Vancouver-based FinTech Mogo has announced a three-year lending partnership with alternative financing provider goeasy. The partnership deal comes five months after the two companies announced a pilot program for a personal loan offering.
“The sale of our MogoLiquid Portfolio significantly strengthens our financial position.”
– Greg Feller, president and CFO, Mogo
Mogo also announced it has sold the majority of its MogoLiquid loan portfolio to goeasy for $31.9 million. MogoLiquid is Mogo’s digital personal loan offering, allowing consumers to take loans up to $35,000. MogoLiquid has generated approximately $3 million in total revenue for the three month period ending September 30, 2019, according to Mogo. Mogo noted that it will be eligible for an additional performance-based payment of up to $1.5 million over the term of the agreement upon achieving certain agreed upon loan origination amounts.
The proceeds of the sale will be used to repay one of Mogo’s credit facilities, which has an outstanding balance of approximately $28.7 million. The remainder of the proceeds will be used to strengthen Mogo’s balance sheet and support its growth initiatives.
“On the back of a very successful initial implementation, we’re pleased to solidify a longer-term relationship with goeasy, which we view as the ideal non-prime partner for us given their deep experience in the consumer lending space and strong financial resources,” said David Feller, founder and CEO of Mogo.
The new partnership builds on Mogo and goeasy’s pilot program that was designed to allow consumers to download the Mogo app, receive a no-obligation pre-approval for up to $35,000 with terms of up to 5 years, customize their loans, and complete the loan agreement. Once approved, goeasy’s operating division, easyfinancial, will be responsible for funding unsecured and secured non-prime consumers’ loans.
Easyfinancial’s unsecured and secured personal lending products target the millions of Canadians with non-prime credit. Goeasy has initiated more than $3.9 billion in loans and recently surpassed a $1 billion consumer loan portfolio. The company also invested $34 million in growth equity into another Canadian FinTech startup, PayBright, in September.

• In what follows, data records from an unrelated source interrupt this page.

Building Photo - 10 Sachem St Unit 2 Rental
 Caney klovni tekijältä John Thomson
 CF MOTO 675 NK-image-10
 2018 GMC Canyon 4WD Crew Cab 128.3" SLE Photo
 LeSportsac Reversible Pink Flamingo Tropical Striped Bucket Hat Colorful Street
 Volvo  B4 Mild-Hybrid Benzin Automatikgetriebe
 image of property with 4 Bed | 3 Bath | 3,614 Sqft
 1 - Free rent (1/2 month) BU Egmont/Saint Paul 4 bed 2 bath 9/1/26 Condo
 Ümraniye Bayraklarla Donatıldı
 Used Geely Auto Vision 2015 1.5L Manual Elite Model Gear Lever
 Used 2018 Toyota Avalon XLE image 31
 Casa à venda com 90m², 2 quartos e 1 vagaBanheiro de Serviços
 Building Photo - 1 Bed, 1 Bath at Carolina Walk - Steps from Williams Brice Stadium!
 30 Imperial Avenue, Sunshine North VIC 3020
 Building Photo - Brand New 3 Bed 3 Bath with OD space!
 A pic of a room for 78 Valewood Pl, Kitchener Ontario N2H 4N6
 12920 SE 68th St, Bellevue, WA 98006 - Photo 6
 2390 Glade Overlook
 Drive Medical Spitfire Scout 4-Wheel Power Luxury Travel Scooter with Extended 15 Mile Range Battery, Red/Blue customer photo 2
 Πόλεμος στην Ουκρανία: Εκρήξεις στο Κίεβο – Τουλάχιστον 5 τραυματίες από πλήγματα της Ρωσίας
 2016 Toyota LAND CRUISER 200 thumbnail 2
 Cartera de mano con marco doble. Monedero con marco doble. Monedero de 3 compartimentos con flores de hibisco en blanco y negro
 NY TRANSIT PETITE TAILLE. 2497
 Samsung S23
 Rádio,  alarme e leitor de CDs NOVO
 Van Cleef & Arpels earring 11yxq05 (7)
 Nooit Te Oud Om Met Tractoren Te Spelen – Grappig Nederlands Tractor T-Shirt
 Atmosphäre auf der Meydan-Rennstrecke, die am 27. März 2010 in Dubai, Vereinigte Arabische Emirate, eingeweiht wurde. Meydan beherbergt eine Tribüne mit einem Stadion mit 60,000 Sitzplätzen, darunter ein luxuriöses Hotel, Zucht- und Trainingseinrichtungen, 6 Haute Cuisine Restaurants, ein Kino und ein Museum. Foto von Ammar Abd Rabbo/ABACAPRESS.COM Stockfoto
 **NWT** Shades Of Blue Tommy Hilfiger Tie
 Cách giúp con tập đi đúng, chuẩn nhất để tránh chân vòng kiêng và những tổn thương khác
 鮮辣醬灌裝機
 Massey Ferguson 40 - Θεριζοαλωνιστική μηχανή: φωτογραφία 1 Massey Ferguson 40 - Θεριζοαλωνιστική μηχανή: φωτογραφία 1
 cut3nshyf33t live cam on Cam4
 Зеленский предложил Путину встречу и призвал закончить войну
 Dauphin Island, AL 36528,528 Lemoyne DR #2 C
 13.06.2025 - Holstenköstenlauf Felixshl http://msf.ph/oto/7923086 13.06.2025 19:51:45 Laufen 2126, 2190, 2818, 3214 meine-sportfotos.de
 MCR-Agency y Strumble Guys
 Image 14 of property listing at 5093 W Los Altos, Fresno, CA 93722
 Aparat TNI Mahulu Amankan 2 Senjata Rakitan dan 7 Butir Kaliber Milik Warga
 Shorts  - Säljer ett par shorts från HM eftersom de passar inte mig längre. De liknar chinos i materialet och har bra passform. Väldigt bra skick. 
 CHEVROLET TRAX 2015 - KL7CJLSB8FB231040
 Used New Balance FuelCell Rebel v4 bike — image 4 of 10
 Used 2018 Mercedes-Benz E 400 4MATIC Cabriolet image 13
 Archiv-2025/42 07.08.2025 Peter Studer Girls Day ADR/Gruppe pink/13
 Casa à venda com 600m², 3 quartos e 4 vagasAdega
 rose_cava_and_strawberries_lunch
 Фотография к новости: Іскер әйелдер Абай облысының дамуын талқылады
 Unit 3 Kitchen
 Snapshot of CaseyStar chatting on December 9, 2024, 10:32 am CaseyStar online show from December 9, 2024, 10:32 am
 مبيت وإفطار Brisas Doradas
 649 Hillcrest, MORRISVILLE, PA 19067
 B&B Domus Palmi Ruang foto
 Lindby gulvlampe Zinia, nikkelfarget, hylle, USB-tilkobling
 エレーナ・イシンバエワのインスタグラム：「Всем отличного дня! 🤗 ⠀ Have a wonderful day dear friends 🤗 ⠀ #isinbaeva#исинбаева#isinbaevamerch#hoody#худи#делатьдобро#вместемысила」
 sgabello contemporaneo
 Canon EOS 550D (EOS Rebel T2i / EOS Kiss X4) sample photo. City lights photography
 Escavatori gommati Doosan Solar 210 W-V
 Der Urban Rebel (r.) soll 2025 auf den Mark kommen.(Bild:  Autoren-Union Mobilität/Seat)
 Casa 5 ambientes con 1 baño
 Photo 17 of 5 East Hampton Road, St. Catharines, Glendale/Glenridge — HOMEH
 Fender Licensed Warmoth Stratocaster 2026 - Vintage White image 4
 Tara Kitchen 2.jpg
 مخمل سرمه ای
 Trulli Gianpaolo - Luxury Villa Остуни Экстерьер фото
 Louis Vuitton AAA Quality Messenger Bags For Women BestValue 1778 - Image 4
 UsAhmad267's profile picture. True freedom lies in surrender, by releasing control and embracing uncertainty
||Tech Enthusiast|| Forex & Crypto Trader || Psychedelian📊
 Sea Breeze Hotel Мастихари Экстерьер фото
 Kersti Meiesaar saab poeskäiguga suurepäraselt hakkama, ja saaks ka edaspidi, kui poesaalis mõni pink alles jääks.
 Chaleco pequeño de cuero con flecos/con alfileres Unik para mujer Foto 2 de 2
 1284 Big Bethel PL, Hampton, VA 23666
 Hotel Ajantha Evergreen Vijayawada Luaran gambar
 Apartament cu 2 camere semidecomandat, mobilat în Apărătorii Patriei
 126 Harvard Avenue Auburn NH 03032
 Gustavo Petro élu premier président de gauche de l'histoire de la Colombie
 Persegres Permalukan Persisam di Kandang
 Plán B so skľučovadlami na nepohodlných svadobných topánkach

Under the terms of the agreement with goeasy, Mogo will continue to receive compensation for any loans funded by goeasy, while goeasy will have ownership of these loans. The partnership will also allow Mogo to generate additional fee-based subscription and services revenue.
Founded in 2003, Mogo offers personal loans, fraud protection solutions, mortgages, a Visa debit card, and credit scores through Equifax, to Canada’s millennial demographic. The startup has launched several new financial products over the past two years, including a gamified mortgage management platform, a cryptocurrency offering, and its Mogo Account and iOS app.
Mogo made a number of new announcements in the past year, including a partnership with digital benefits platform League, a merger with Difference Capital Financial, and that it opened more than 200,000 new member accounts last year.
Mogo noted it will continue to offer its MogoMini loan products under the MogoMoney brand and is in active discussions to bring on a prime lender to its digital lending platform.
“The sale of our MogoLiquid Portfolio significantly strengthens our financial position, providing additional cash while reducing our leverage, funding interest expense, and credit risk exposure,” said Greg Feller, president and CFO of Mogo. “This relationship, as well as others we expect to enter for the prime segment, allows us to more fully monetize the valuable proprietary lending platform we have built over the past 10 years.”